|LOOK NOW--Elvis Costello|
Look Now, the new Elvis Costello is, at first listening, a highly finessed and fussed -over a collection of songs that seem amorphous, meandering, structurally inert. Lyrically, long Costello's strong suit, in addition to being a solid melodist, reveals a man who has had a few too many harvests from the same unreplenished acreage. Understandably, his vivid imagery has been tamed for decades. Still, we witness here an attempt, over and over, to remain allusive, elliptical, sketching in just enough narrative to provide that this might be a tune that actually has something to say, buried under the happenstance blankness of the lyrics. Those who want to excavate for deeper meanings can leave their shovels and pickaxes in the shed. At age 64 Costello has been through this emotional thicket before, and one worries that he has nothing new to say. Worse, it would seem at his age that he now lacks the knack, or interest, to finesse his established themes.

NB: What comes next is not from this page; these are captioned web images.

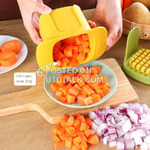 Multifunctional Dicer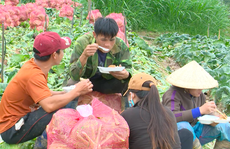 VIDEO: Nông sản Trung Quốc nhái Đà Lạt: 'Giết chết' nông dân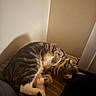 Tanis is registered to the contest to win money with this photo: cat, tabby, striped_cushion, indoor, pet, feline, relaxed, sleepy, curled_up, soft_lighting, corner, whiskers, fur, paws, domestic_animal, cozy, resting, blurred_head, striped, animal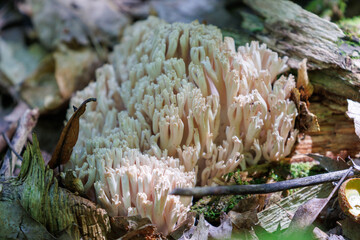 coral mushroom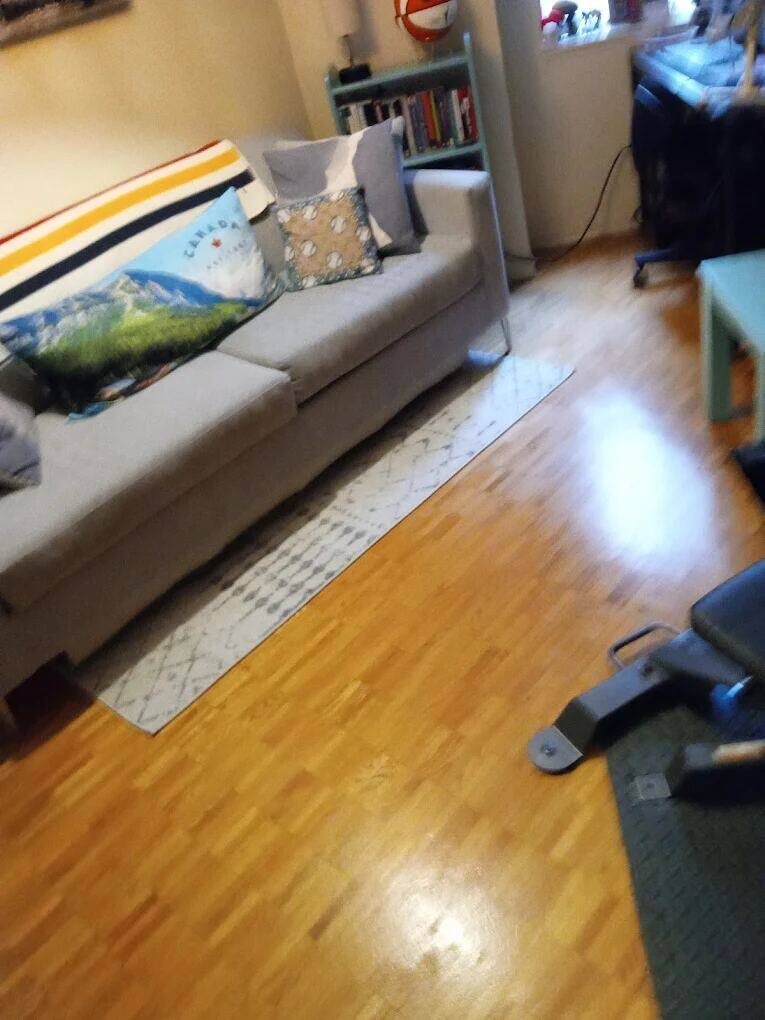 Living room — vacuum, dust, restore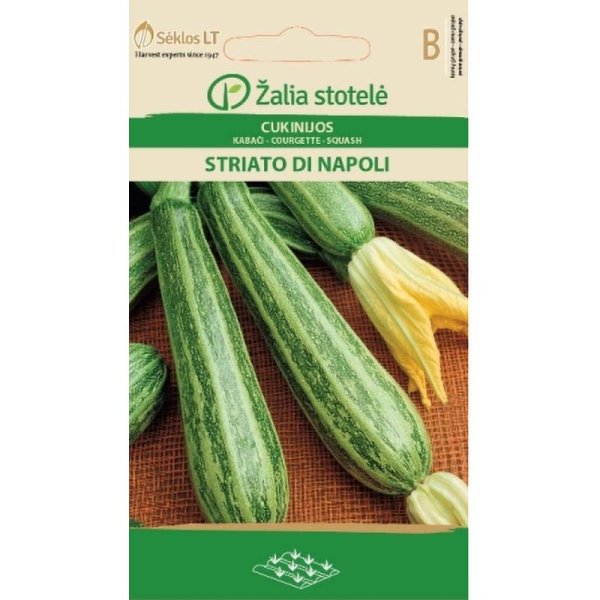 Zucchini 'Striato di napoli'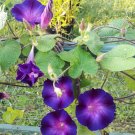 Ipomoea Purpurea - Rebecca Japanese Morning Glory Seed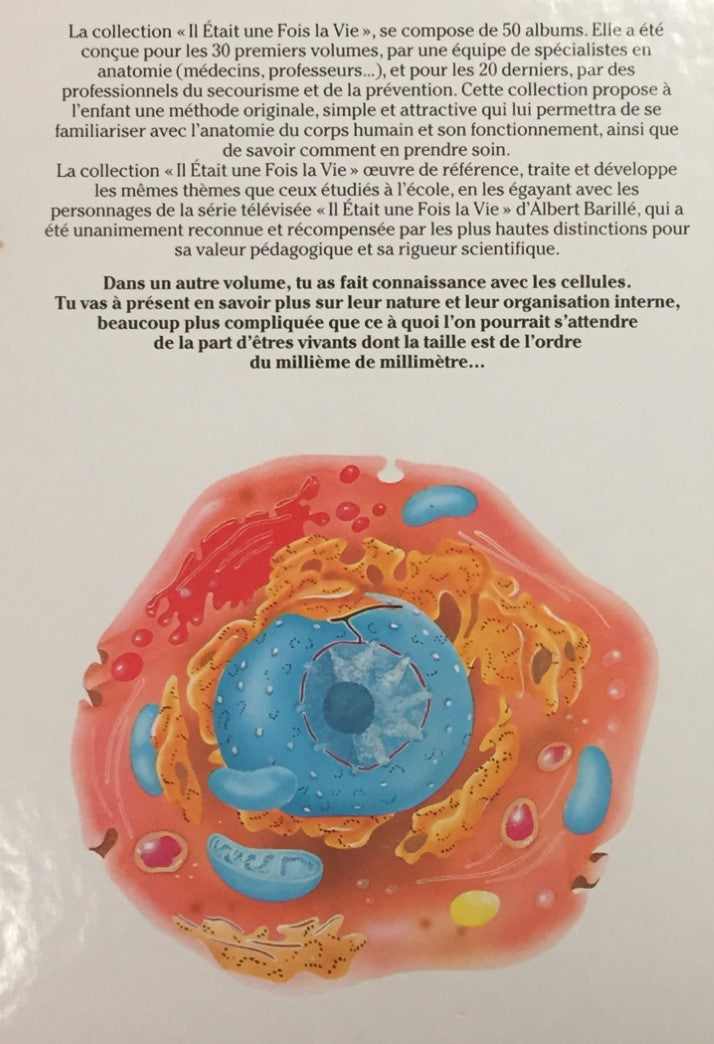 Le corps humain : Il était une fois la vie # 20 : L'origine de la vie 2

This is a missed opportunity of somewhat immense proportions. It's been one of the more intriguing aspects of being a close observer of songwriters as they age and seeing how they deal with the unavoidable fact of aging, less nimble of body and mind, simultaneously confronting the advantages and shortcomings of getting older. We had it in the late work of Lou Reed, a writer who regretted nothing in later albums and who tried to extract something like wisdom and balance from his life of self-created crisis.Or from Leonard Cohen, who kept his oddly compelling blend of religious undertones and Laurentian erotica while emphasizing the intellectual paradoxes and oppositions of instinct which a longer view of experience make possible; Cohen embraced it and went on to offer a late body of songs that took the problematic events of life and ventured into musings that traced a higher, profound kind of irony.
Costello does none of this, and appears obsessed with the awful curse of Miles Davis, a musician who found his genius for quick changes in styles and manner of presentation resulting, late in life, in work that might be better described as collaborations between rhythm sections, synth players, producers, and engineers, with cameos by the top-billed trumpeter. Some time ago, this artist decided to become a master of all genres and seemingly wanted to be thought of as a Modern Master than as a consistently good-to-great songwriter. This pains me to say this, but this hero of mine has been a superficial, over-stylized drudge for some two decades. There is nothing that was preventing EC from becoming a latter-day Bacharach or Newman, of course. It wouldn't have been an unworthy goal.